The Threepenny Opera
The Threepenny Opera is itself an adaptation of John Gay’s The Beggars Opera and Rufus Norris, director of this and the National Theatre has again adapted this to the modern world, less by locale as it’s still in the East End, more by values as the cast has many black actors and a disabled one. The star playing Captain Macheath is Rory Kinnear. I very much doubt this will be the success of the year to show that the National can still produce the likes of Warhorse, The History Boys, Master of Two Servants and Curious Incident of the Dog in the Night.
It’s a daring edgy production with plentiful use of the f and c word. Indeed the only word that disabled actor enunciates clearly is “c-nt”. My use of a dash indicates I come from a different generation not used to foul language from the stage. The set consists of paper scaffolds and stairs and sometimes a elevated ring to show the moon.
I am no Brechtian scholar but I do know he despised the values of the bourgeoisie. For him to rob a bank was a social act as the bank was a villain. However a rather different picture of the poor emerged here. Peachum the King of the Beggars was played camply in high heels with a ladies wig by Nick Holder; Macheath’s relationship with the police chief Tiger Brown was homo-erotic. Macheath himself was undone by his philandering after women and the vengeance mother and father Peachum sought after he married their daughter. Nor did the music come anywhere near Kurt Weill’s score for Brecht.
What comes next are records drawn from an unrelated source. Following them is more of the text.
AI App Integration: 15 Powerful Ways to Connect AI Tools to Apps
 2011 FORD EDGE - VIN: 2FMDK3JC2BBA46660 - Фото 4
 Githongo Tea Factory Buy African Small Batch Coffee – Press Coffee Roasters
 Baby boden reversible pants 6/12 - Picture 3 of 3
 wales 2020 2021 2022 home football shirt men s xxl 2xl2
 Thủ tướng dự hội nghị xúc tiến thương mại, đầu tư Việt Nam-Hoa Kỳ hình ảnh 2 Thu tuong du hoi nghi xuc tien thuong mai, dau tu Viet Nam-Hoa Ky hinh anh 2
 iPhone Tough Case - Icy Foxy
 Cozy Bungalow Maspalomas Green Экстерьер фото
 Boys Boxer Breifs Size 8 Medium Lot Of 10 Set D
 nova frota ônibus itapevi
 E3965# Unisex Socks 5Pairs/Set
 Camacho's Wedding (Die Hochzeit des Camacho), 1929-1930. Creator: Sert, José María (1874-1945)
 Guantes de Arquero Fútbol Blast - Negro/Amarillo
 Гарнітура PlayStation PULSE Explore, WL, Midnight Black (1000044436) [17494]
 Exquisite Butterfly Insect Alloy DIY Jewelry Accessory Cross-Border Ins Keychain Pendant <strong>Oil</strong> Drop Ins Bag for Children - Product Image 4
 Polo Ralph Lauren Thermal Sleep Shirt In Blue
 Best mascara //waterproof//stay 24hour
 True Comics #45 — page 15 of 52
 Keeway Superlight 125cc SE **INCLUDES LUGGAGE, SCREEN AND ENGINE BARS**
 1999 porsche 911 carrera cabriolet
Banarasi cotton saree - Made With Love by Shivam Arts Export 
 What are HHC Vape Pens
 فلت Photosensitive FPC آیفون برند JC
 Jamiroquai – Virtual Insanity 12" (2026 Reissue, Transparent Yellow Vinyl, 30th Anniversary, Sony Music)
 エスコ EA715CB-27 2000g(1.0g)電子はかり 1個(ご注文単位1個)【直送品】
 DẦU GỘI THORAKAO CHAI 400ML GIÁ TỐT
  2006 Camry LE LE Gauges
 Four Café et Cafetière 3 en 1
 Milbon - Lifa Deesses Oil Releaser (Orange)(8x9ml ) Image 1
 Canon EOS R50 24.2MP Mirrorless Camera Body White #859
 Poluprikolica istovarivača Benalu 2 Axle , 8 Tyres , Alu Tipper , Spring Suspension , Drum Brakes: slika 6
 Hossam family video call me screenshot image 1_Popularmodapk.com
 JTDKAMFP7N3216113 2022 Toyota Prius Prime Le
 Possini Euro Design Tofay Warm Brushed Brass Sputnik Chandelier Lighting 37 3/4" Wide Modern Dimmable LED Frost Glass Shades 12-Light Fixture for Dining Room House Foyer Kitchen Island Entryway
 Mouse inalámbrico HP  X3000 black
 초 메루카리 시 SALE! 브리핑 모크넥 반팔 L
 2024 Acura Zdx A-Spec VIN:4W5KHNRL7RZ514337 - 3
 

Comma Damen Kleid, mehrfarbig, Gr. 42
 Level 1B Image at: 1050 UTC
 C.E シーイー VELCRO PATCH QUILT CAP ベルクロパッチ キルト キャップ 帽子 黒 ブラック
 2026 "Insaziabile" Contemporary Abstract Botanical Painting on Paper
This was all the more glaring as the Weill masterpiece Mac the Knife was the first song.
In short the musical told us more about current production values at the Natonal. Rufus Norris has already been criticised for a play with torture scenes so searing 2 members of the audience fainted. Here we had to endure a scene where a strung up prostitute has her finger broken by Peachum in one of those sadistic scenes normally reserved for Gestapo interrogation in a war film.
As a regular to Chichester which rolls out very season an engaging programme of old and new I sometimes wish our National Theatre would bang a few less diversity drums and be more sensitive to audience appeal.